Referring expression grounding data

......

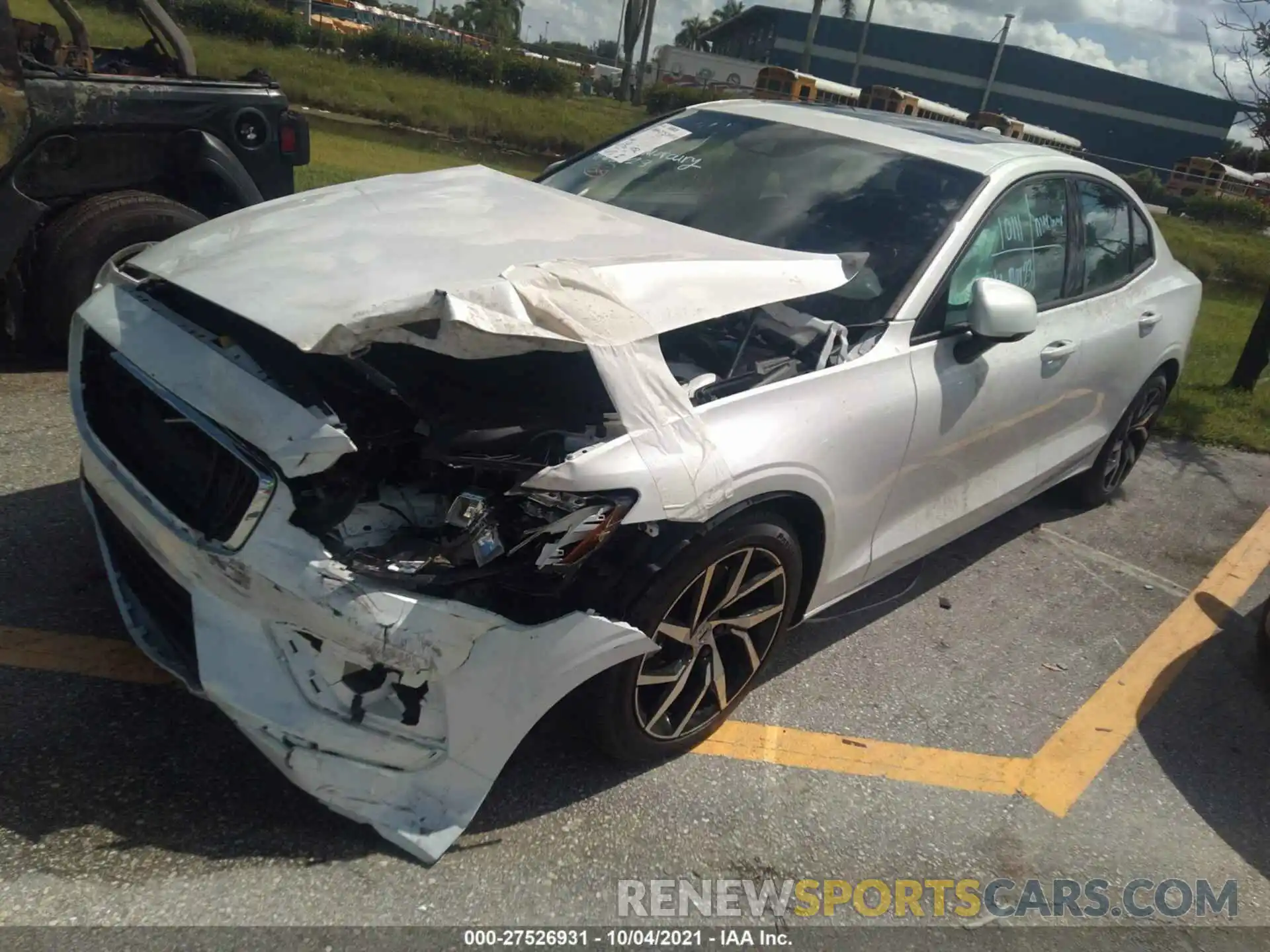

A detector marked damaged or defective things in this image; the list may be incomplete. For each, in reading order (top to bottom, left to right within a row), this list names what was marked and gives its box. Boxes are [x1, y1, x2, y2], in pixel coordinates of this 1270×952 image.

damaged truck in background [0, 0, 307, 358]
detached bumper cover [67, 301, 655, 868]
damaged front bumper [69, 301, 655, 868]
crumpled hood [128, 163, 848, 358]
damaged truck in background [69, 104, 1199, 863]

......

:: What to produce ::
Repeat every record precisely. Any picture among them stays out of the copy.

:: Expected answer ::
A detector marked damaged or defective things in this image; the list may be incomplete. For each, in reading order (top to bottom, left to right within a row), this list names what was marked and gives its box. Boxes are [x1, y1, x2, y2], in pixel coordinates of this 1270×952 image.

damaged truck in background [0, 0, 307, 358]
detached bumper cover [67, 301, 655, 868]
damaged front bumper [69, 301, 655, 868]
crumpled hood [128, 163, 848, 358]
damaged truck in background [69, 104, 1199, 863]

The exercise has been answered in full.